Erdoğan’s background is as an amateur footballer, charismatic politician and an active, effective mayor of Istanbul, and early on, he inherited an EU accession process started by his predecessors, who had also successfully stabilized an economy ravaged by the chaos of the 1990s. He pushed forward with Özal’s efforts to give full respect to religious conservatives and gave even more priority to building relations with Islamic states — particularly those on former Ottoman territory.
Erdoğan’s Turkish Century — announced last year — continues this long-standing, implicit challenge to Atatürk’s imposition of Western ways and a narrow idea of Turkishness. And at home, this fuzzy neo-Ottoman culture has so far featured a museum, built outside the Byzantine walls, celebrating the 1453 conquest of Constantinople with startling realism; the reconsecration of Aya Sofya as a mosque; and a mentality that leans on state employees to attend Friday prayers as communal obligation.
But abrupt changes make it hard to speak of a consistent vision for Erdoğan’s Turkish Century that could match Atatürk’s Kemalist ideology. Authoritarianism is now back in force, economic missteps mean the Turkish lira has dropped to one-tenth of its value from a decade ago and annual inflation is over 43 percent, while internal conflicts fester. The EU accession process has stalled, Muslim neighbors have proven uninterested in a neo-Ottoman older brother and external conflicts simmer.
Meanwhile, Erdoğan’s energies as a leader haven’t focused on clear policy goals either. He both opened talks with insurgents of the Kurdistan Workers’ Party and unleashed the armed forces to try to crush them; he let in 3.5 million Syrian refugees and then created Turkish army-controlled zones along the Syrian border to repatriate them; he supported talks to end the division of Cyprus and then sent warships to threaten gas prospecting ships off the internationally recognized, Greek Cypriot-run south of the island. And there has been no resolution to any of these conflicts.

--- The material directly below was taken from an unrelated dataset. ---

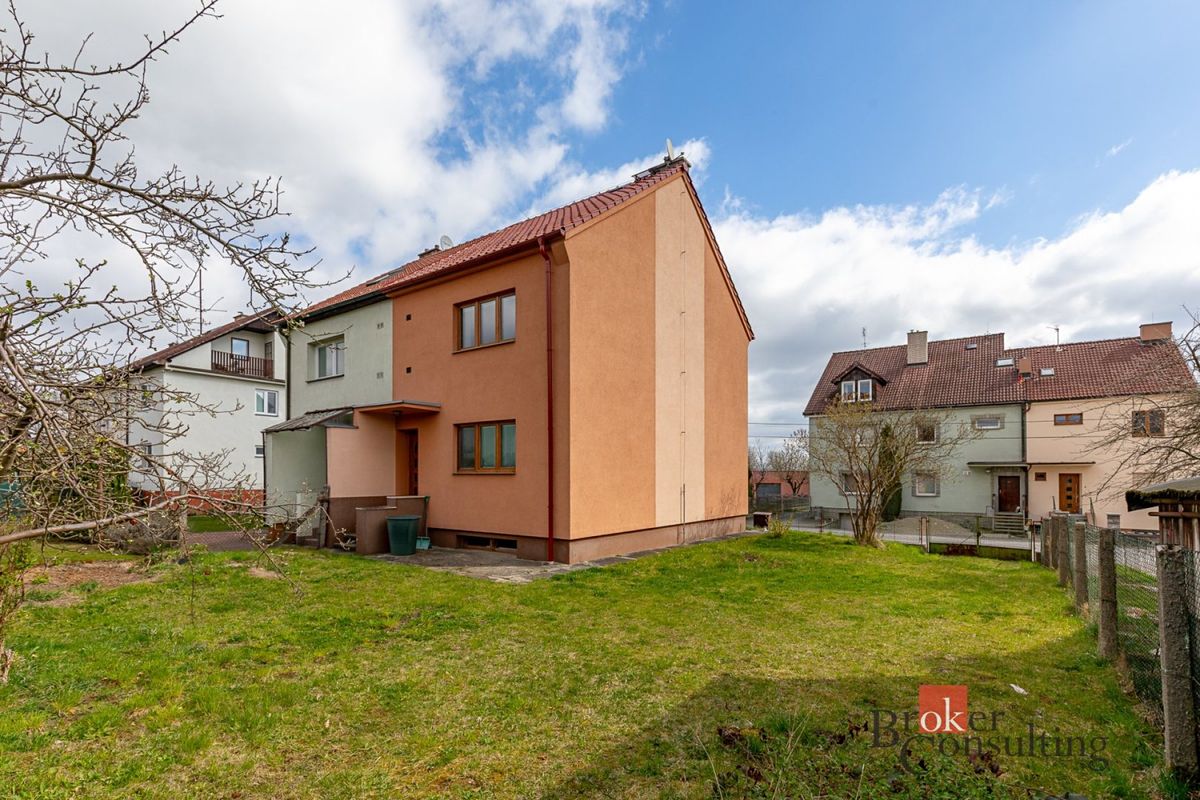 Prodej rodinného domu 140 m², pozemek 580 m² – fotografie 2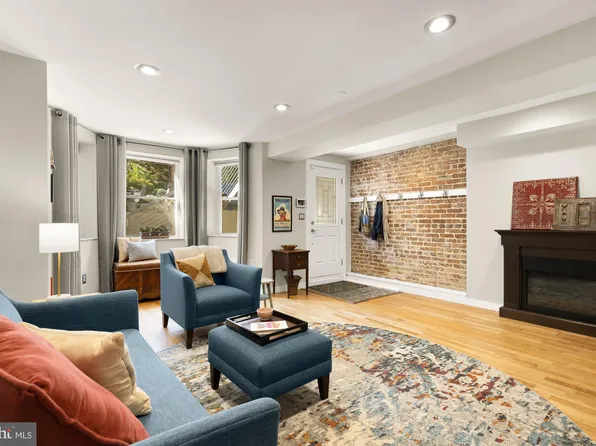 1335 Fairmont St NW APT 1, Washington, DC 20009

Not all of this was wholly Erdoğan’s fault though — for instance, the EU is guilty of double standards, misleading promises over visas and grave mistakes over Cyprus. It does, however, mean that 100 years after the last Ottoman sultan fled the capital aboard a British battleship, few imagine that Atatürk’s century will be eclipsed anytime soon.
Winston Churchill, his one-time rival and the British leader behind the failed 1915 attack on Gallipoli, had judged Atatürk to be “the hero, the champion, and the father of modern Turkey.” Meanwhile, the founding leaders of both Azerbaijan and Kazakhstan explicitly cited him as their inspiration. And it is safe to say that for the foreseeable future, it is Atatürk’s image that will remain on every Turkish coin, banknote and office wall.